Par ailleurs, les États tentent aussi de récupérer les pratiques solidaires, sous la pression des financements publics et autres subventions qu’ils leur octroient (ou leur refusent), ou de leur faire prendre en charge des actions qui sont normalement du ressort de la solidarité nationale et de l’action publique (en France, Restos du cœur ou Téléthon) en « surfant » sur la générosité des populations, quand on ne cherche pas à les impliquer dans des luttes politiciennes de pouvoir au moment d’échéances électorales jugées décisives ou incertaines. Pis, les États tentent de circonscrire ces formes de solidarités aux seuls espaces économique, social et environnemental, excluant le champ politique de toute démarche démocratique et solidaire.

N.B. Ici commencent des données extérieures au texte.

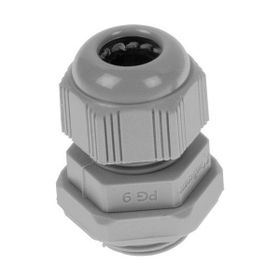 Mutlusan PG-9 Etanj PVC Rakor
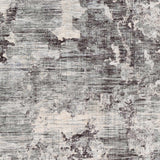 Johnetta Runner Rug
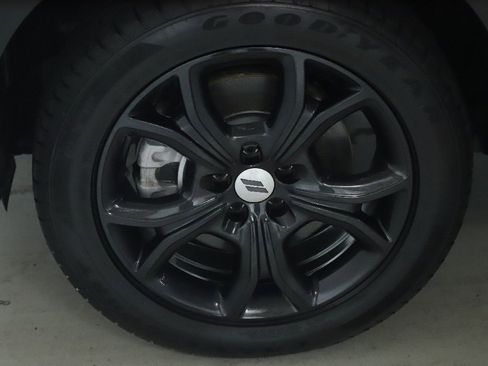 Used 2024 Dodge Hornet GT image 38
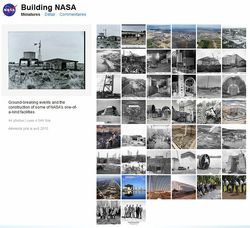 NASA-Flickr-2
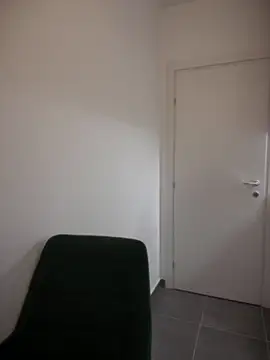 HotXMom online show from January 2025 04:21:01 AM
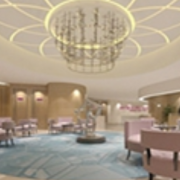 萍鄉(xiāng)市人民醫(yī)院醫(yī)療整形科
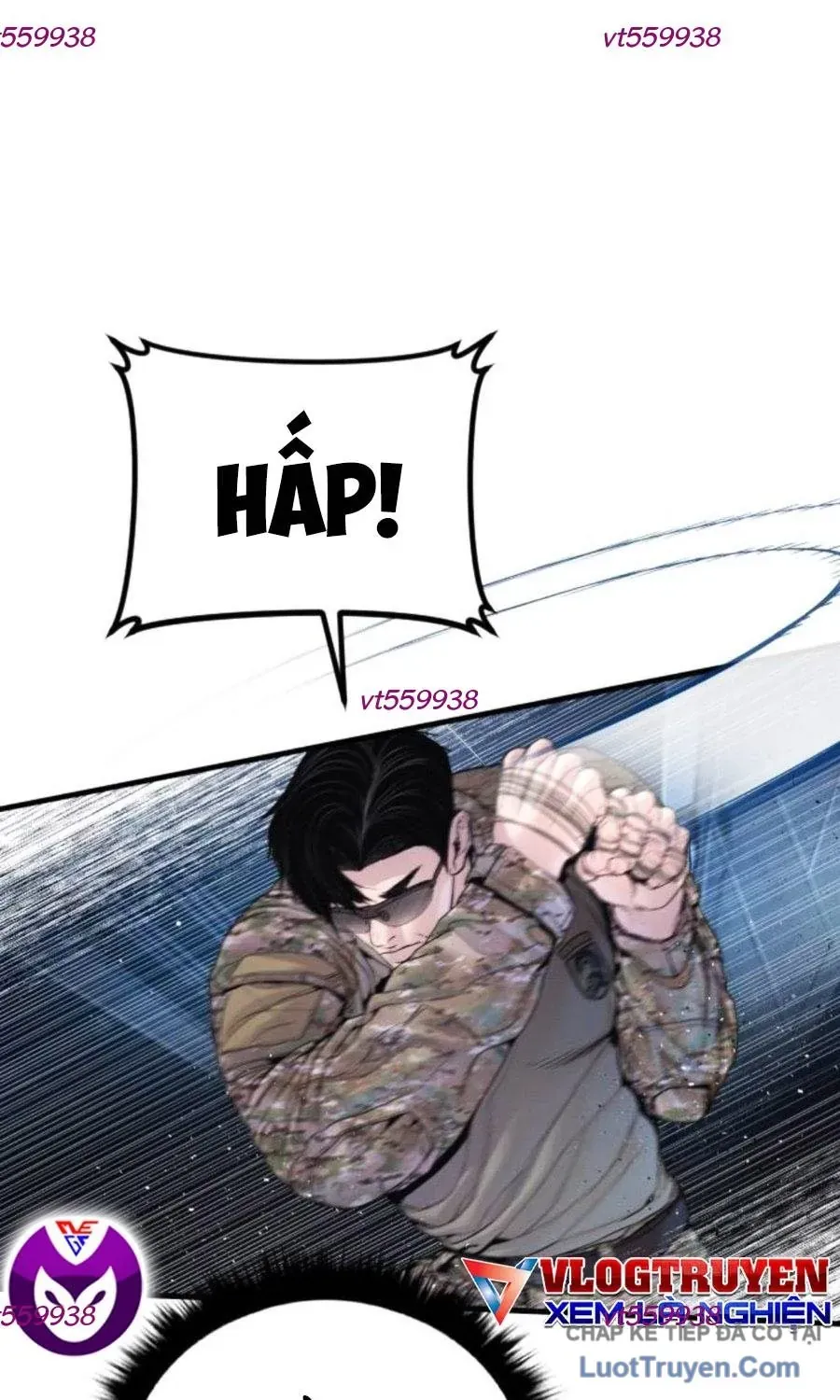 Bố Tôi Là Đặc Vụ Chapter 234 - 67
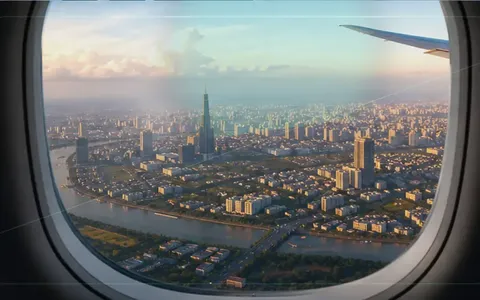 Visa Nhật Bản
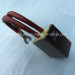 Supplying Electric Motor Carbon Brushes (CM3H)
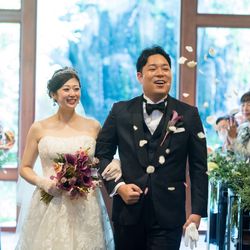 ザ ソウドウ 東山 京都の写真9枚目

L’enjeu est ici vital : le développement solidaire, et plus largement la régulation citoyenne, doivent poursuivre en toute indépendance leur objectif de défense et de promotion des initiatives libres et créatrices des individus dans tous les domaines, y compris politique, et veiller à s’affirmer davantage auprès des deux autres formes d’économies et de régulation comme la régulation démocratique par excellence.

Ainsi définie, on le voit, une telle vision de l’économie (et au-delà de la société tout entière) à triple régulation est proche de la réalité et se démarque des trois principales utopies régulationnistes des XIXe et XXe siècles : le rêve communiste d’une société régulée sans aucune action du marché ; le mythe ultra-libéral d’une société régulée par le seul marché, notamment financier, sans aucune intervention de l’État ; le fantasme plus récent de la régulation par l’hybridation de l’autoritarisme politique, d’un ersatz de marché libre et d’une économie informelle florissante dans les pays pauvres. En fait, aujourd’hui plus que jamais, l’économie moderne dans le tiers monde, dans les pays de l’Est, comme dans les pays « riches », n’a d’avenir que dans une société soumise à un système de régulation qui combine librement et pacifiquement les forces du marché, les institutions démocratiques de l’État et les pratiques solidaires des citoyens, où chacune des économies et des régulations occuperaient, dans la concurrence ou la coopération, l’espace nécessaire à la poursuite d’un développement humain et solidaire favorisant, au sens d’Amartya Sen, l’expansion des libertés pour tous.

Seul ce nouveau système de régulation peut en effet contrecarrer effi­cacement la mondialisation ultralibérale et sa tendance à la tiers-mondialisation, sur fond de spéculation, de pauvreté et de dangereuse dégradation de l’environnement. Lui seul peut concilier la libre initiative économique des individus et des entreprises avec la nécessaire organisation des marchés intérieurs et exté­rieurs, et éviter que la liberté devienne la jungle, comme c’est le cas aujourd’hui. Lui seul refuse, tout en garantissant la propriété privée, de confondre la nécessaire intervention régulatrice de l’État avec sa caricature : la gestion autoritaire, administrée et bureaucratique. Lui seul accorde une place de choix aux initiatives libres et créatrices des citoyens en vue de la juste satisfaction des besoins fondamentaux de la population dans le respect de son environnement. Lui seul concilie la démocratie économique, sociale et environnementale et la démocratie politique au niveau des États, des corps intermédiaires et des territoires.

Il y a donc urgence à construire collectivement ce nouveau système de régulation si l’on veut endiguer puis réduire le champ de la régulation par les seuls marchés financiers, et affronter avec succès la montée des périls qui menacent l’expansion des libertés, la stabilité et l’avenir de l’humanité.